MANILA, July 12 (Reuters) - The Philippines reaffirmed on Tuesday that it had the legal high ground over China in a long-running maritime row, marking the anniversary of an arbitration ruling that concluded Beijing's claim to almost the entire South China Sea was groundless.
Following a heated standoff with China, the Philippines took the bold step in 2013 of lodging a case with the Permanent Court of Arbitration in the Hague seeking clarification of its sovereign entitlements under international law.
The panel's 2016 interpretation of maritime boundaries went in Manila's favour and dealt a major blow to Beijing, which refuses to recognise the outcome and maintains that its claim, based on its own historical maps, remains valid.

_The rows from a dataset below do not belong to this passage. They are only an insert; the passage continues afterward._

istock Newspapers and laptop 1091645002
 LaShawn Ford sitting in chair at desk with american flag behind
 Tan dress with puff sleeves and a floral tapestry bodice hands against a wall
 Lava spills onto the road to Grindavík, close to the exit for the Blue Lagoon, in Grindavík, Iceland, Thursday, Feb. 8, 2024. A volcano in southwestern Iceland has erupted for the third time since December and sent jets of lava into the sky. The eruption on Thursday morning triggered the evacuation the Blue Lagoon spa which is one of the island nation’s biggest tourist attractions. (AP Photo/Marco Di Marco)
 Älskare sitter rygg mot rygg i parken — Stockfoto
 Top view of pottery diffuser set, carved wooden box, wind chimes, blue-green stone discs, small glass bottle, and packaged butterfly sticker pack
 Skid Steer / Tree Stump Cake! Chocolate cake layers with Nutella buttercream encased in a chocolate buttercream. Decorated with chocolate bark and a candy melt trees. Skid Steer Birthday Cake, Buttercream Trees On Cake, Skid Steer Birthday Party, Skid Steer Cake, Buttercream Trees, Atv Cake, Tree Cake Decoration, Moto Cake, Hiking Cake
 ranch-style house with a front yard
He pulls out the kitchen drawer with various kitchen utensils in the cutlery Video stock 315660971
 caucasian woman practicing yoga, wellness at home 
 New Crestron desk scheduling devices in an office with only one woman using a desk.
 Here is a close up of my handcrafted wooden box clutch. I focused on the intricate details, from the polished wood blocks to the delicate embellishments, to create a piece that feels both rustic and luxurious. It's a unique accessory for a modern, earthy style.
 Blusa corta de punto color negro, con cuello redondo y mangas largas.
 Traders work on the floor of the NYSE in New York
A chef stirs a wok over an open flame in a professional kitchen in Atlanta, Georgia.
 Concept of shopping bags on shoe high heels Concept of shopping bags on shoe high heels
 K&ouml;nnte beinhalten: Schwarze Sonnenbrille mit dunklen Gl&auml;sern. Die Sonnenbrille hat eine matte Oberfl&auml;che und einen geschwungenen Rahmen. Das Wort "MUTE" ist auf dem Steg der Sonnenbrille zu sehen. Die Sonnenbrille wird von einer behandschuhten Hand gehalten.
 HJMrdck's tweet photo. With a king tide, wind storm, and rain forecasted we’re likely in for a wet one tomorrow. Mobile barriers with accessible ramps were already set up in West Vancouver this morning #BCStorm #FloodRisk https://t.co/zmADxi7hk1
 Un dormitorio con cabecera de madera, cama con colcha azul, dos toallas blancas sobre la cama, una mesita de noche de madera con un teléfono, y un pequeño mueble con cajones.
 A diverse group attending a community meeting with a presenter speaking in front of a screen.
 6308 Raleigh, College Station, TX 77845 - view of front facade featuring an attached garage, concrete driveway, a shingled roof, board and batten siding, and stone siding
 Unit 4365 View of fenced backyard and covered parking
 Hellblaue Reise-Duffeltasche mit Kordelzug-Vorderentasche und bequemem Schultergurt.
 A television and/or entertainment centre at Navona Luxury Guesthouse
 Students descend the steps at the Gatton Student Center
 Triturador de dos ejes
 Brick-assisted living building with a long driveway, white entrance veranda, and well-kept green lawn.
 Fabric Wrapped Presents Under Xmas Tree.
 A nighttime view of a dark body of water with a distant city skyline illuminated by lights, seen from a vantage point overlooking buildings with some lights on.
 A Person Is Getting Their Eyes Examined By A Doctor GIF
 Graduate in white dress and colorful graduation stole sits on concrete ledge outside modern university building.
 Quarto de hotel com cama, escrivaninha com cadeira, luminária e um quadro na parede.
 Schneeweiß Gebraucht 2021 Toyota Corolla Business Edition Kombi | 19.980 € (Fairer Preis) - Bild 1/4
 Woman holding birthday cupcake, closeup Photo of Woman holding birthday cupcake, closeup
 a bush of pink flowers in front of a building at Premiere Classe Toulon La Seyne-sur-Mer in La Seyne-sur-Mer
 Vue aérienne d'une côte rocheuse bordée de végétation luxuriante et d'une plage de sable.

Philippine foreign minister, Enrique Manalo on Tuesday reiterated that the award was final and China's claims baseless.
"These findings are no longer within the reach of denial and rebuttal, and are conclusive as they are indisputable," he said in a statement.
"We firmly reject attempts to undermine it... even erase it from law, history and our collective memories."
A poll last month by the Stratbase Institute showed about 90% of Filipinos want the government to assert the country's maritime claims and increase its defence capability.
But the Philippines has been unable to enforce the ruling and has since filed hundreds of protests over what it calls encroachment and harassment by China's coast guard and its vast fishing fleet.
New President Ferdinand Marcos Jr has vowed to defend national sovereignty, but has spoken strongly of the need to enhance ties with China in other areas.
His ambassador to the United States, Jose Manuel Romualdez, on Tuesday said dialogue was the favoured approach.
"We remain optimistic that the best way forward is still diplomacy," he told a maritime forum. "Nevertheless, we are prepared to deter aggression."
In a statement marking the anniversary, U.S. Secretary of State Antony Blinken said the arbitration was final and China must "abide by its obligations under international law and cease its provocative behaviour."
In a swipe at the United States, his Chinese counterpart Wang Yi said it was important territorial issues be handled within the region.
"We will oppose bloc confrontation and Cold War mentality," he said in Malaysia.